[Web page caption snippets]
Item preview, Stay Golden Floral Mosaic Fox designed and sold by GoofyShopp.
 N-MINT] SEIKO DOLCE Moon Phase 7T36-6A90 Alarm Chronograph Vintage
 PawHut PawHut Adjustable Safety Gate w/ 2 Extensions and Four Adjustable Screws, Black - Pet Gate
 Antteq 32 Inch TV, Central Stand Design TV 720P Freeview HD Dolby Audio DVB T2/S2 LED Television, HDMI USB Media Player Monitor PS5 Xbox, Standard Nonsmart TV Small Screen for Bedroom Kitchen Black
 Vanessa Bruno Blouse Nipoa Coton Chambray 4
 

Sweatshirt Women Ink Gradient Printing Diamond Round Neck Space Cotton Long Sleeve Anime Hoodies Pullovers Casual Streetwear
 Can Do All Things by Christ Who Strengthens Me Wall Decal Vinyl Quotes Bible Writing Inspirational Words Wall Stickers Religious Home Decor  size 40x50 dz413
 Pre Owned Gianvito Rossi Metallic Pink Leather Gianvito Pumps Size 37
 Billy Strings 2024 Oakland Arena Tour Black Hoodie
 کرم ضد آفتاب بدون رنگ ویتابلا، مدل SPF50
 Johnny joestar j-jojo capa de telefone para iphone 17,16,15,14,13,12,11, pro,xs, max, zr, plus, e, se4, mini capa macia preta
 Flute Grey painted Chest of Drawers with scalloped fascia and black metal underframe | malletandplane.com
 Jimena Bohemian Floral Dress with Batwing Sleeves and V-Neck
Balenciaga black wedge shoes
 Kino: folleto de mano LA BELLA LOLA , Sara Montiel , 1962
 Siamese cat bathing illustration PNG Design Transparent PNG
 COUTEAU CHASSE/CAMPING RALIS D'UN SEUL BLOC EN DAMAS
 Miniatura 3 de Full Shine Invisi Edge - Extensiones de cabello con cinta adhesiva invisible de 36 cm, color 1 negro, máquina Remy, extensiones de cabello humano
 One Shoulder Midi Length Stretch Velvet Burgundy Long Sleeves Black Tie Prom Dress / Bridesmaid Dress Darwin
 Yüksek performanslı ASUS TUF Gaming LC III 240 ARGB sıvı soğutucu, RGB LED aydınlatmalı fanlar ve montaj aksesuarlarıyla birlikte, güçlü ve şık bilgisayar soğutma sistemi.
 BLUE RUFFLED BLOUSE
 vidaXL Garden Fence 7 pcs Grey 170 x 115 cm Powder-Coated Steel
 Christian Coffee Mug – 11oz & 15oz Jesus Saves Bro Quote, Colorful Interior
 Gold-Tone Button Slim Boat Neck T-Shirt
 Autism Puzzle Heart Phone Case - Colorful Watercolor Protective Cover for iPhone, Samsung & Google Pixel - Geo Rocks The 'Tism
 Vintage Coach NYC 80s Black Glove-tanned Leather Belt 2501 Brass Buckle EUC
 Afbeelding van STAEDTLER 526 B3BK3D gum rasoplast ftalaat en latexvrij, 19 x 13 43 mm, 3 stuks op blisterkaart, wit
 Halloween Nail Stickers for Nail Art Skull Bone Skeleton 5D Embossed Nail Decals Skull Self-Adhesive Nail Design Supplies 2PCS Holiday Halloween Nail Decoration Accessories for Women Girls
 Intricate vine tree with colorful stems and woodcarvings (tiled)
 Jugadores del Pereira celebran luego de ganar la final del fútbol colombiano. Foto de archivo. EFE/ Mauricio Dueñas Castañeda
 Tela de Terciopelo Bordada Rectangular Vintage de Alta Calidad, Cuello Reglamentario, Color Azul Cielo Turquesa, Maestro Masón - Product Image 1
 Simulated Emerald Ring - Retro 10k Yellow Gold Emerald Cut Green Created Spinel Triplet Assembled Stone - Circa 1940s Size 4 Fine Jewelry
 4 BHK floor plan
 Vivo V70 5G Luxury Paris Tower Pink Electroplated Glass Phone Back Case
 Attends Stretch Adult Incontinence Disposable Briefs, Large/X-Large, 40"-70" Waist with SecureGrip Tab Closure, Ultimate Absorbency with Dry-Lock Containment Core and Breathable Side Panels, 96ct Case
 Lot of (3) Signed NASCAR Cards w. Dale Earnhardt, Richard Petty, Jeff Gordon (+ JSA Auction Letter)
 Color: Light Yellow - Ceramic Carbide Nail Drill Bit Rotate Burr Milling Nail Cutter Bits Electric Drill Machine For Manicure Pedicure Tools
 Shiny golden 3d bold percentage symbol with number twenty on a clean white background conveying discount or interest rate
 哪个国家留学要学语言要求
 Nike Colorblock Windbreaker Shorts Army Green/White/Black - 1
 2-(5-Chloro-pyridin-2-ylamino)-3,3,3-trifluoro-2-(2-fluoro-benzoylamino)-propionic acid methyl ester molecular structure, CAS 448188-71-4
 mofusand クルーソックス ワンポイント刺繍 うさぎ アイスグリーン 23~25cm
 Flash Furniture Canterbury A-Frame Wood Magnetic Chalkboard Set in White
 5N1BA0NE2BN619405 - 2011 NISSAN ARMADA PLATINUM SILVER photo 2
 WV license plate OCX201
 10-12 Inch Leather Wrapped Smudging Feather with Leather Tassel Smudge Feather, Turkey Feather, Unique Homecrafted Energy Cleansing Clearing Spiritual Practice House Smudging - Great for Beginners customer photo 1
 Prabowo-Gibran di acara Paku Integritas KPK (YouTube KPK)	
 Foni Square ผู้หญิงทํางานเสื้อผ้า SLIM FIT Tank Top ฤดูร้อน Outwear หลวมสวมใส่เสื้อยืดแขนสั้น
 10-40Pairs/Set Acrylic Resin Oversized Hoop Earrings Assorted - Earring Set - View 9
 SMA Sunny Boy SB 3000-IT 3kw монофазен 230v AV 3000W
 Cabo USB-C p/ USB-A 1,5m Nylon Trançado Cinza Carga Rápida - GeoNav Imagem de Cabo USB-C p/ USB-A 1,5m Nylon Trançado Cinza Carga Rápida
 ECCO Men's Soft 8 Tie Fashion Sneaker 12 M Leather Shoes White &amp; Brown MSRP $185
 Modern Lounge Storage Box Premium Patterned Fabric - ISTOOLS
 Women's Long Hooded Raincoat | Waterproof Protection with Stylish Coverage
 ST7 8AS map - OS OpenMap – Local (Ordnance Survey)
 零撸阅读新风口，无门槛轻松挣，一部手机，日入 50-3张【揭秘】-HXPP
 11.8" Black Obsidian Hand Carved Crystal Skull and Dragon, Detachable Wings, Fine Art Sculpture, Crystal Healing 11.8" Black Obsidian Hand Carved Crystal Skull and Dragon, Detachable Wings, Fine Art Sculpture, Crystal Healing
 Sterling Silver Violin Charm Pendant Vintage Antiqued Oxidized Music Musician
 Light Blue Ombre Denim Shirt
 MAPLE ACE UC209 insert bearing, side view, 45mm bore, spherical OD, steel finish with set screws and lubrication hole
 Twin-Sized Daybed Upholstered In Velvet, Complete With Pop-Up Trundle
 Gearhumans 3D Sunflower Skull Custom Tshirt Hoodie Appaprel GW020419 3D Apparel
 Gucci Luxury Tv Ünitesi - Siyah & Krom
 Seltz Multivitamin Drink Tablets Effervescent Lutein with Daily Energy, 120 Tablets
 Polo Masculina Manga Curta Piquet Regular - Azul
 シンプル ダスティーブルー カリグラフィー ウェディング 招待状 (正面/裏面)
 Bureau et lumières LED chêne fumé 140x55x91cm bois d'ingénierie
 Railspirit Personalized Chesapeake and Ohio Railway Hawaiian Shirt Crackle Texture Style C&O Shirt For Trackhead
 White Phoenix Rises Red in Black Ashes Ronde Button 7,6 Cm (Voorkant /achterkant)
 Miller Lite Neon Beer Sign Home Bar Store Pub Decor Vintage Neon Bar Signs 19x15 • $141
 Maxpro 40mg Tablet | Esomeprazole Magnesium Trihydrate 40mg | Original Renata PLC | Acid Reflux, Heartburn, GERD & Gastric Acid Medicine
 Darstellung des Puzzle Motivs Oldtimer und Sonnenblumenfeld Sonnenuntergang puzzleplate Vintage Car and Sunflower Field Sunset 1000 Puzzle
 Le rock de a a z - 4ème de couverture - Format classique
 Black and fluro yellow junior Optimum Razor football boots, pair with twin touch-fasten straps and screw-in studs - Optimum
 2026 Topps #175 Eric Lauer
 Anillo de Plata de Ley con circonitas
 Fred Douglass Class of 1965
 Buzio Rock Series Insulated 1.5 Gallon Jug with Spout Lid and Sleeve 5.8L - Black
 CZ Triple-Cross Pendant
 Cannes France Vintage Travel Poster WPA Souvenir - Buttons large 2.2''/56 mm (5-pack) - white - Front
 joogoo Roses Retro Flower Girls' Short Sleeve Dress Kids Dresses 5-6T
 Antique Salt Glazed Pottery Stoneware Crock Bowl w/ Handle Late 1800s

The problem: Of the records above, copy each line that includes "Azul".

Answer section:
 Tela de Terciopelo Bordada Rectangular Vintage de Alta Calidad, Cuello Reglamentario, Color Azul Cielo Turquesa, Maestro Masón - Product Image 1
 Polo Masculina Manga Curta Piquet Regular - Azul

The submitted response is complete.